• _Work instruction_: Line by line, copy out the data below exactly.

--- Records for processing ---

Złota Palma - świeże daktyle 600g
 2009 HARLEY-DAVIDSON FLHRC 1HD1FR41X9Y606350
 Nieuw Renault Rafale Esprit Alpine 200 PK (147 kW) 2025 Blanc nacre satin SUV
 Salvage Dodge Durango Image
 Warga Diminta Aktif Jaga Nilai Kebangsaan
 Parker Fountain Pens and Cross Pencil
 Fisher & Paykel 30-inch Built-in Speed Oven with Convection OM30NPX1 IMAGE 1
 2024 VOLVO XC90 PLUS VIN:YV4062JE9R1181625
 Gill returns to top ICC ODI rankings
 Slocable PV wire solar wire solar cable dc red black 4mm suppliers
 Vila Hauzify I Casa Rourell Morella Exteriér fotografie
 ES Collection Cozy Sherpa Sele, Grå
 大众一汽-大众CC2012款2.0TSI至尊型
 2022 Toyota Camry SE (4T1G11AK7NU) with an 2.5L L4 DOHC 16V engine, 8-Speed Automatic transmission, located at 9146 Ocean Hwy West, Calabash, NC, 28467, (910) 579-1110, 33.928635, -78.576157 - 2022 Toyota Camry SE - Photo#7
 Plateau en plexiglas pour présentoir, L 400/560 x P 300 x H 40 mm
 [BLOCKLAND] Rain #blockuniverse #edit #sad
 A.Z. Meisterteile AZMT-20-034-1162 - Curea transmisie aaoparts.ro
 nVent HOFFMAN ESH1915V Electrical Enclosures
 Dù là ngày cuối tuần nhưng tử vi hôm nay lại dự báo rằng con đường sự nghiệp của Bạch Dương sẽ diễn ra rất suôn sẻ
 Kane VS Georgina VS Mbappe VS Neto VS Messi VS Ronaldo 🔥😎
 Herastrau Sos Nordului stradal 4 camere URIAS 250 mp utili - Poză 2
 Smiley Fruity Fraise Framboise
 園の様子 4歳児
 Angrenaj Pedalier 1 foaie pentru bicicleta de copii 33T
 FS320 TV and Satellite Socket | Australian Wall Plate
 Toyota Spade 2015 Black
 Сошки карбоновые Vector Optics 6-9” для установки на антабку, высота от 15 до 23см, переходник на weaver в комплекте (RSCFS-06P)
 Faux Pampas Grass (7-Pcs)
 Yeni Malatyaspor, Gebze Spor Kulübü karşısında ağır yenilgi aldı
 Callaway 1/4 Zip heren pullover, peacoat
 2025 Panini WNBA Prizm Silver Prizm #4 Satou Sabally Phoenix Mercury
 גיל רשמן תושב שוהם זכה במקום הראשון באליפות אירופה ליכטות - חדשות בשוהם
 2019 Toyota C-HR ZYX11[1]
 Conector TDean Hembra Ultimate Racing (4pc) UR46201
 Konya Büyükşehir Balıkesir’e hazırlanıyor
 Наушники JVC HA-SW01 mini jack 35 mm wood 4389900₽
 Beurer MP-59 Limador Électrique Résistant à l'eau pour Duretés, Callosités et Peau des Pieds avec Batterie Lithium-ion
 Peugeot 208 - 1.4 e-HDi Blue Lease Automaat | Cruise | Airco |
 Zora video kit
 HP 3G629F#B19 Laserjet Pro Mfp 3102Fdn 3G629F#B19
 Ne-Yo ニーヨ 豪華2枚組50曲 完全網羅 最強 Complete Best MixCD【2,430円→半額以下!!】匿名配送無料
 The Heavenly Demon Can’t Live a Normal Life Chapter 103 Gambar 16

---

• _Result for this exercise_:
Złota Palma - świeże daktyle 600g
 2009 HARLEY-DAVIDSON FLHRC 1HD1FR41X9Y606350
 Nieuw Renault Rafale Esprit Alpine 200 PK (147 kW) 2025 Blanc nacre satin SUV
 Salvage Dodge Durango Image
 Warga Diminta Aktif Jaga Nilai Kebangsaan
 Parker Fountain Pens and Cross Pencil
 Fisher & Paykel 30-inch Built-in Speed Oven with Convection OM30NPX1 IMAGE 1
 2024 VOLVO XC90 PLUS VIN:YV4062JE9R1181625
 Gill returns to top ICC ODI rankings
 Slocable PV wire solar wire solar cable dc red black 4mm suppliers
 Vila Hauzify I Casa Rourell Morella Exteriér fotografie
 ES Collection Cozy Sherpa Sele, Grå
 大众一汽-大众CC2012款2.0TSI至尊型
 2022 Toyota Camry SE (4T1G11AK7NU) with an 2.5L L4 DOHC 16V engine, 8-Speed Automatic transmission, located at 9146 Ocean Hwy West, Calabash, NC, 28467, (910) 579-1110, 33.928635, -78.576157 - 2022 Toyota Camry SE - Photo#7
 Plateau en plexiglas pour présentoir, L 400/560 x P 300 x H 40 mm
 [BLOCKLAND] Rain #blockuniverse #edit #sad
 A.Z. Meisterteile AZMT-20-034-1162 - Curea transmisie aaoparts.ro
 nVent HOFFMAN ESH1915V Electrical Enclosures
 Dù là ngày cuối tuần nhưng tử vi hôm nay lại dự báo rằng con đường sự nghiệp của Bạch Dương sẽ diễn ra rất suôn sẻ
 Kane VS Georgina VS Mbappe VS Neto VS Messi VS Ronaldo 🔥😎
 Herastrau Sos Nordului stradal 4 camere URIAS 250 mp utili - Poză 2
 Smiley Fruity Fraise Framboise
 園の様子 4歳児
 Angrenaj Pedalier 1 foaie pentru bicicleta de copii 33T
 FS320 TV and Satellite Socket | Australian Wall Plate
 Toyota Spade 2015 Black
 Сошки карбоновые Vector Optics 6-9” для установки на антабку, высота от 15 до 23см, переходник на weaver в комплекте (RSCFS-06P)
 Faux Pampas Grass (7-Pcs)
 Yeni Malatyaspor, Gebze Spor Kulübü karşısında ağır yenilgi aldı
 Callaway 1/4 Zip heren pullover, peacoat
 2025 Panini WNBA Prizm Silver Prizm #4 Satou Sabally Phoenix Mercury
 גיל רשמן תושב שוהם זכה במקום הראשון באליפות אירופה ליכטות - חדשות בשוהם
 2019 Toyota C-HR ZYX11[1]
 Conector TDean Hembra Ultimate Racing (4pc) UR46201
 Konya Büyükşehir Balıkesir’e hazırlanıyor
 Наушники JVC HA-SW01 mini jack 35 mm wood 4389900₽
 Beurer MP-59 Limador Électrique Résistant à l'eau pour Duretés, Callosités et Peau des Pieds avec Batterie Lithium-ion
 Peugeot 208 - 1.4 e-HDi Blue Lease Automaat | Cruise | Airco |
 Zora video kit
 HP 3G629F#B19 Laserjet Pro Mfp 3102Fdn 3G629F#B19
 Ne-Yo ニーヨ 豪華2枚組50曲 完全網羅 最強 Complete Best MixCD【2,430円→半額以下!!】匿名配送無料
 The Heavenly Demon Can’t Live a Normal Life Chapter 103 Gambar 16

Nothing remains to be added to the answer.